Voyager lasted for seven years. The writers, from the point of "Alliances" on, made a conscious decision to write not a series, but a show consisting of self-contained, hour-long episodes, that basically played like "The Next Generation" in a far away place. Basically, it was as if they swallowed Janeway's speech whole (on TNG< Starfleet rules were rarely broken). The effect of this non-rule-breaking was to squander the show's inherent potential to be something new and different - a show where survival depended upon creativity, compromise, and circumstance, not upon contrivance and coincidence.

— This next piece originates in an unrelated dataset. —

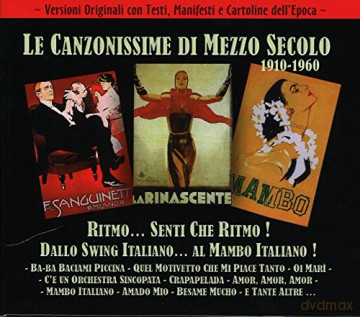 Le Canzonissime Di Mezzo [2CD]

As our reviewer noted in his review of one of the very last shows (which, ironically, featured Voyager cooperating with a group of alien ships to escape a proverbial black hole - it was almost as if the writers - if they were conscious of what they were doing - were making penance for the sin of "alliances") stated: "[I] think of ["Alliances] now as one of the biggest turning-point mistakes Voyager ever made. In that episode, a deal gone bad convinced Janeway that the Delta Quadrant was a socially turbulent and dangerous place. Her very naive solution was that staying the same would prevail over the prospect of changing."

At least Janeway's intentions were noble. The Bush people don't even have that excuse. Their Middle-East "allies" are a bunch of thugs, and the reason why they have allied themselves with some thugs as opposed to others is that the former thugs are better business partners and better arms traders. Every single reason the Bushies have given for refusing to work with admittedly despicable people (with whom they've already worked, just different ones) to gain valuable intelligence rings false: "Doing so would endanger democracy in the Middle East." (Like they care about whether Israel or any other country there is Democratic). "We don't negotiate or even talk to terrorists." (Then why was our air base removed from Saudi Arabia when Osama requested it be removed shortly after Sept. 11th? What was Iran-Contra if not a giant negotiation with terrorists? Removing Libya from our enemies list? Negotiating with terrorists. We negotiate with whom its in our best interests to negotiate. Note how "best interests," obviously, are the best interests of the American people only if the people are really, really lucky). "We have nothing to talk about." (Instead of saying that, make clear that at the first sign of deception, there will be no talks, and no deals, and that the offending nation will return to pariah status). "It's immoral." (Please, please, Oh Lord Please).

It arguably took Voyager a superfluos six years to get home simply because Janeway stood "alone with her principles" (had she opened herself up to alliances, she could have found a quicker way home). As long as we continue to abide by a Prime Directive that doesn't even exist, we'll NEVER find our way home.